Book Review: OpenGL Insights
OpenGL Insights edited by Patrick Cozzi and Christophe Riccio is collection of 44 articles about modern OpenGL programming, techniques and related topics. The articles itself account for 653 full colored pages, so each ‘insight’ is a compact portion of knowledge. This book does not only cover (desktop) OpenGL: 35 chapters are dealing with this API while 12 are helpful for OpenGL ES developers and 14 target WebGL (yes, they don’t sum up to 44 as some chapters are useful for more than one OpenGL variant).
It is not a beginners textbook, you should definitely know how to program in modern, aka OpenGL 3/4 core profile, GL. You don’t need to be an expert (maybe this book helps you to become one) but the basics should be known to you. This book is more for advanced readers who want to dig deeper into some OpenGL related topics.
A beginner might feel lost in this mix of bits and pieces: The book starts (after foreword and preface) with a list of mostly 1 sentence tips without much context and continues with nice word clouds of GLSL keywords used in the compatibility and core profile as well as OpenGL ES (the list of tips is also online). At the end you’ll get a map of the rendering pipeline of desktop GL and ES as a poster, nicely done but printed on both sides of the 14″ by 18″ poster, so if you want to hang it above your monitor, you’ll have to get a second copy of the book or print it yourself, it’s available online ;-) (ok, one side is OpenGL and the other is OpenGL ES + the texture pipeline of GL, so it’s fine) This mix might look a bit chaotic in the end it doesn’t hurt, the ‘bits’ itself are well thought thru (just look at the beautiful pipeline map again).
Content wise it is a mixed bag of topics as well, some ‘meta discussions’ like how to teach modern OpenGL to students might have a small target audience, but for this audience the experiences are quite helpful. Some chapters are quite basic introductions of certain sub-topics, e.g. WebGL, Shader Interfaces and the ARB_debug_extension. You can argue that you can get most of the same knowledge from the specs but let’s face it: Getting all shader interfaces and matching rules presented in a readable form with helpful diagrams and examples has a different quality than looking up the same facts in a huge pdf.

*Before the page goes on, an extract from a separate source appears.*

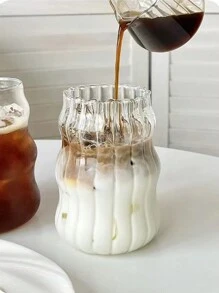 1 件 550ml 条纹玻璃咖啡杯（不带吸管），创意波浪形玻璃杯，美观的咖啡杯，夏季果汁杯，透明冷饮杯，独特的极简主义饮具，非常适合冰咖啡、奶茶、水，家庭和办公室使用，完美的礼物，送给朋友、同事、妈妈的精美母亲节礼物，适合家庭使用，适合女性，饮用奶茶杯和咖啡杯等饮料，返校用品 - 無色 - 查看 4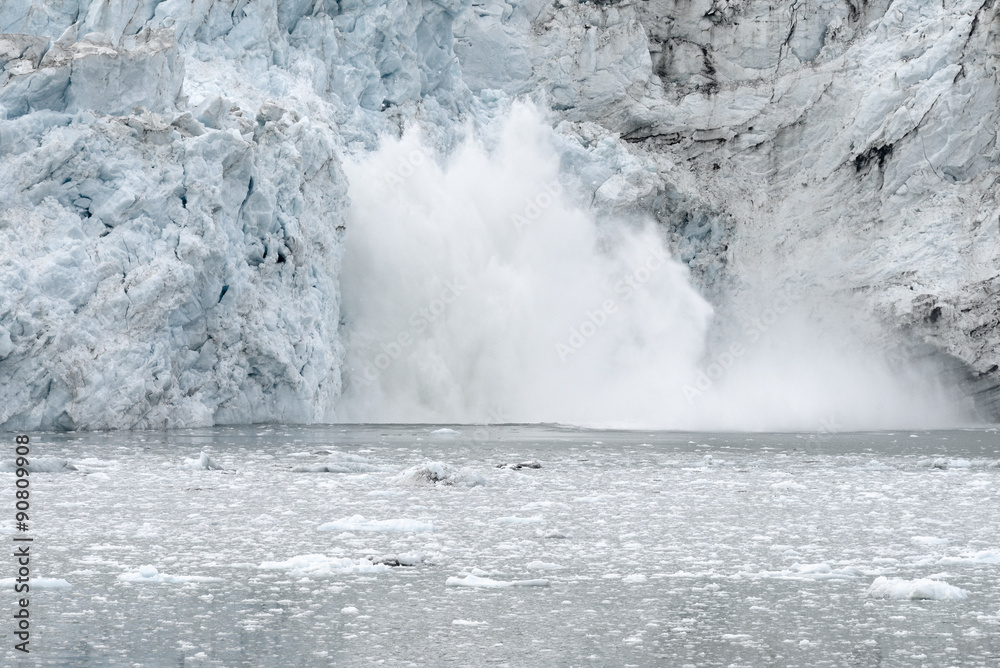 Naklejka premium Margerie Glacier Calving, Glacier Bay National Park, Alaska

There are also more specific OpenGL related articles like building performance timers and measuring memory usage using vendor specific extensions. Other higher-level techniques and algorithms are more general, chapters that could as well come from a GPUPro or GPUGems book (e.g. Bokeh rendering). Apart from the examples being given in OpenGL and GLSL, these articles are not too OpenGL specific, but they show what is possible with modern GPUs and APIs and thus give an insight into the possibilities.
A nice plus is the github site with code for most of the chapters. The license differs from software to software and is not always clear (a mandatory license.txt file in each git on the top level would be nice) and some cross platform issues might occur but the good thing of a git instead of a DVD is that these projects are hopefully maintained further.
All in all this book is spanning topics from simple OpenGL feature descriptions up to general rendering algorithms and shows what is possible with OpenGL and its mobile and web-based cousins. You can find the table of contents as well as five sample chapters on the books website to get a better impression. If you are an OpenGL developer, you will definitely find some interesting gems in here, if there are enough bits for you to justify the expense depends on how well your interests match with the topics covered (take a look at the table of contents). I don’t regret getting a copy.